Il existe de nombreuses autres formes de suicide utilisées. Nous en listons quelques: se noyer sous le poids de votre armure ou vous attacher à une cloche de temple, être affamé, être enterré vivant et même l'exploit technique le plus curieux comme l'auto-décapitation, ce qui nécessite une grande connaissance anatomique en plus d'une épée très bien affûtée.

C'est drôle de penser qu'en cet âge féodal, où la place des hommes et des femmes était bien différenciée, il y en a qui ont aussi décidé de se suicider pour des raisons similaires, surtout ceux qui faisaient partie de la noblesse. Dans ces cas, on ne leur a pas conseillé de se couper le ventre, peut-être parce qu'ils n'auraient pas assez de force et de courage une fois cloués, continuer à couper, ce qui provoquerait un processus inachevé qui resterait un acte de mauvais goût aux yeux de l'observateur. Même dans les cas qui étaient dans votre vie privée, ils ont préféré un protocole différent mais avec la même fin.
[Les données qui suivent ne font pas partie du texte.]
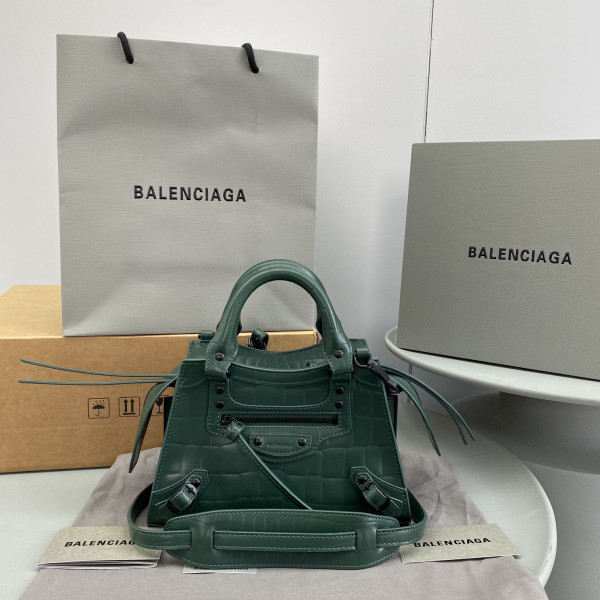Ba*len*cia*ga neo classic mini top handle bag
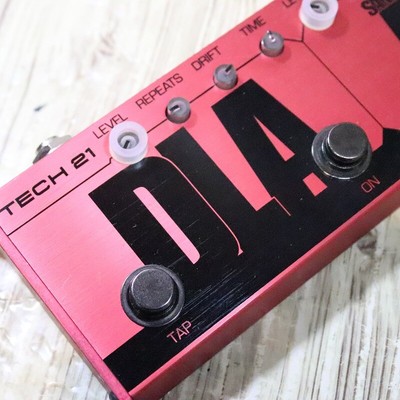 TECH21 FLY RIG RK5 Richie Kotzen アダプター付 Amazon.com: Tech 21 Richie Kotzen RK5 Signature Fly Rig V2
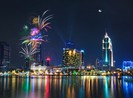 Video TP.HCM rực sáng pháo hoa chào mừng ngày 30-4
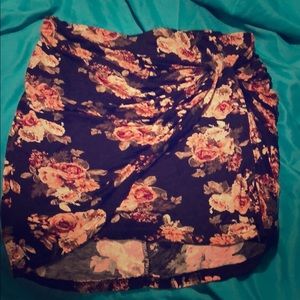NWOT Knotted Floral Skirt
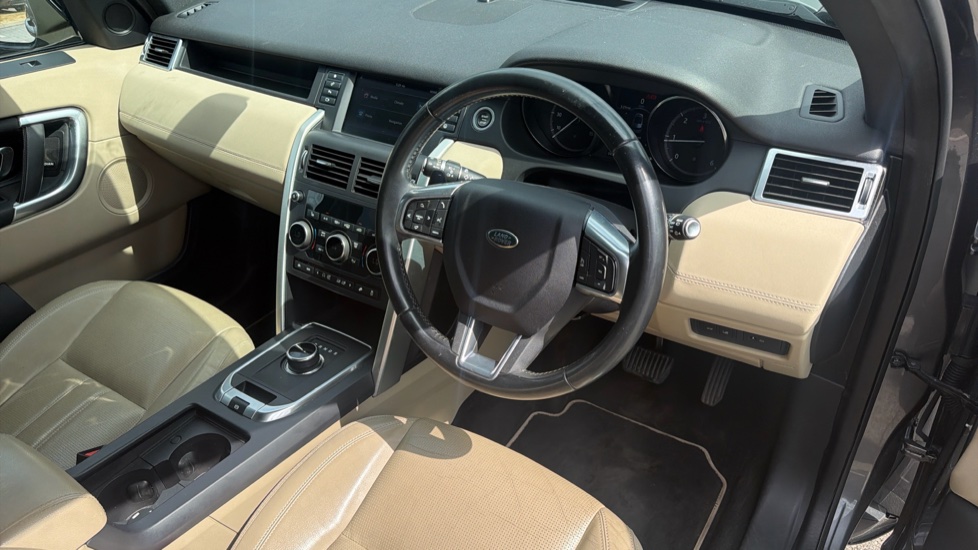 Land Rover Discovery Sport 2.0 TD4 180 HSE 5dr Auto Diesel Station Wagon - Image 32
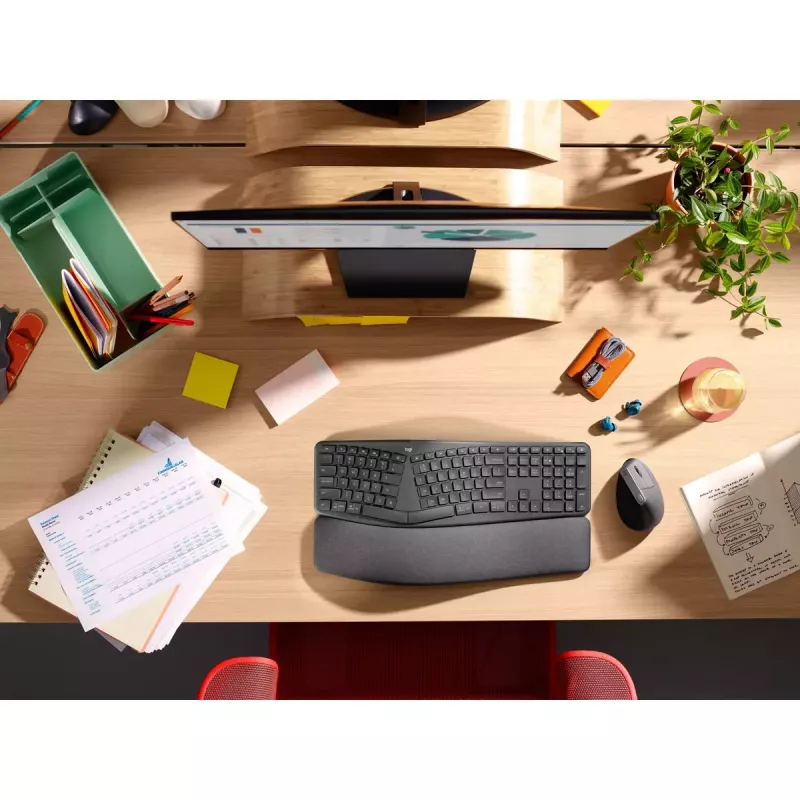 LOGITECH Ergo K860 - Teclado dividido sem fios Business Graphite Qwerty Pan Nordic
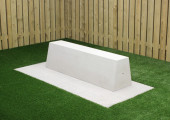 Concrete Bench in one piece, unshakeable through her own weight.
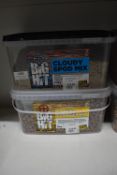 *2.5kg of Cloudy Spod Mix, and 2kg of Big Hit Crafty Floater Kit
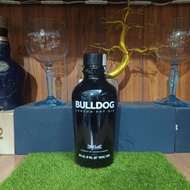 99% beautiful new BullDog foreign wine bottle (empty bottle)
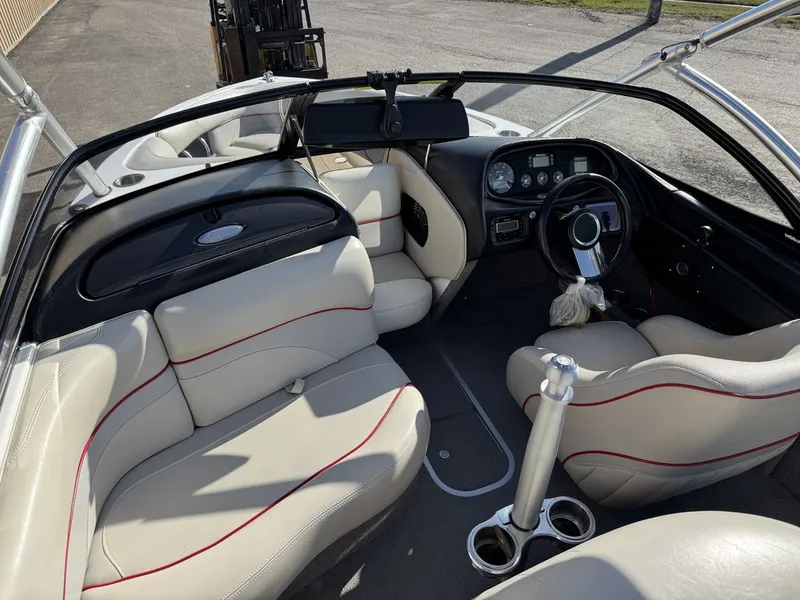 Slide: The Image of Malibu Boats Response TXi 2014 - 14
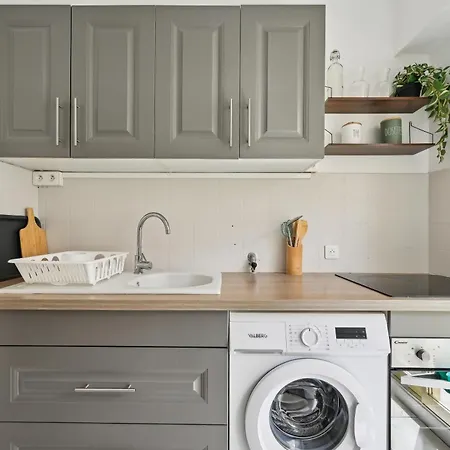 Un Exterieur Spacieux En Plein Centre D By Weekome Appartement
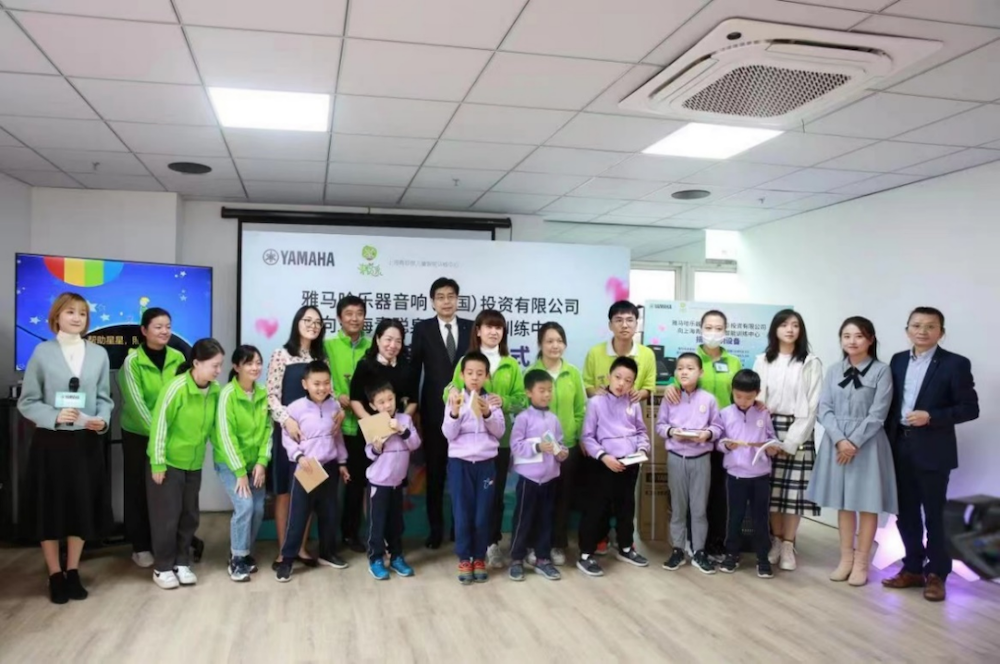 传递音乐，感受爱与温暖——凯发k8国际首页登录音响捐赠仪式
Au lieu de cela, simulez le protocole des hommes avec seppuku, signifierait dans ces esprits, qu'une femme peut faire comme un homme, et ce n'était pas bien considéré.

Tenir la position de seiza, les jambes étaient auparavant attachées à hauteur de cuisse, juste au dessus des genoux. De cette façon, en tombant au sol, ils garderaient leurs jambes fermes et ensemble, ne pas révéler les parties de son corps qui étaient interdites et réservées à son mari ou à son maître.

Une fois ses cuisses attachées, avec un poignard tranchant, ils se sont approchés du bord de sa carotide gauche et avec un mouvement de tonte rapide, ils l'ont coupée pour que le sang coule jusqu'à ce qu'elle s'endorme éternellement. Une autre façon d'aborder cet acte de sacrifice de manière précise et courageuse.

Cet acte, n'est pas considéré comme SEPPUKU, mais il est connu sous le nom de JIGAI (suicide).